Saturday, January 17, 2009
I'm Not a Feminist but....
I am a feminist. I can tell because every time someone says 'I'm not a feminist but...' I feel like smacking them. I don't think gender has moral value. I think the majority of beliefs about gender transmitted by pop culture are seriously off base. And I think people experience limitations due to their gender--both externally and internally imposed.
But you might note that none of those statements are about being a woman per se. They are about gender, and about being gender-aware. I think that we are almost ready to start moving beyond an exclusive focus on the civil rights of females. I think we can continue that struggle whilst considering the issue of gender, of gender-typical conduct, sexuality and society in a somewhat 'broader' sense (so to speak).

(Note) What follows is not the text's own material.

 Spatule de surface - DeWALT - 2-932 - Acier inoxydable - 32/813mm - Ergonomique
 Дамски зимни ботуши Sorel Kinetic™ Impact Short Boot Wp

And while I do not in any sense reject the notion of feminism as a sub-set of that issue, I do not think I am alone on feeling a little impatience with being limited to feminism as the discipline that is on the forefront of the debate. Case in point, arguments of little substance that seem to echo across the femiverse. Ms. magazine puts a super-hero-styled Obama on the cover, and include a matching wall poster. Y'know, I get that this suggests Ms. readers will/should be Obama fangrrls. But whatever. This isn't even as unimportant as the apocryphal hill of beans--it is at best a bean (maybe a bean and a half, or even a has-bean).

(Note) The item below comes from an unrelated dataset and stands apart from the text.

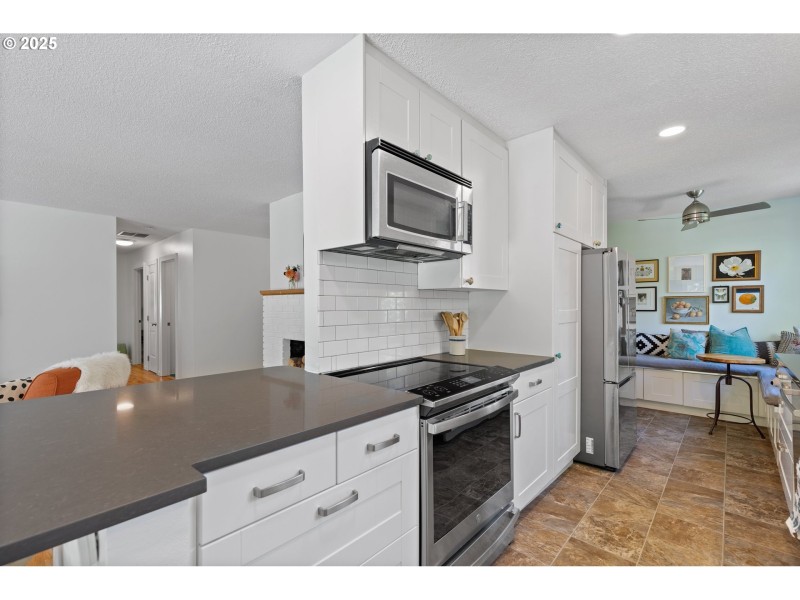 Kitchen/Nook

But as Girl in Short Shorts notes: "Of course, feminists get offended about almost anything." So we must, it seems, drag out the same old issues--whether a man can be feminist, whether Obama claims to be one (and whether he really is or isn't), whether Hillary supporters are being insulted (or not), yadda yadda yadda, blah blah blah. Often with a heaping aside of gender insult (i.e. "Panties in a wad", etc) and renewed debates about what feminism really is.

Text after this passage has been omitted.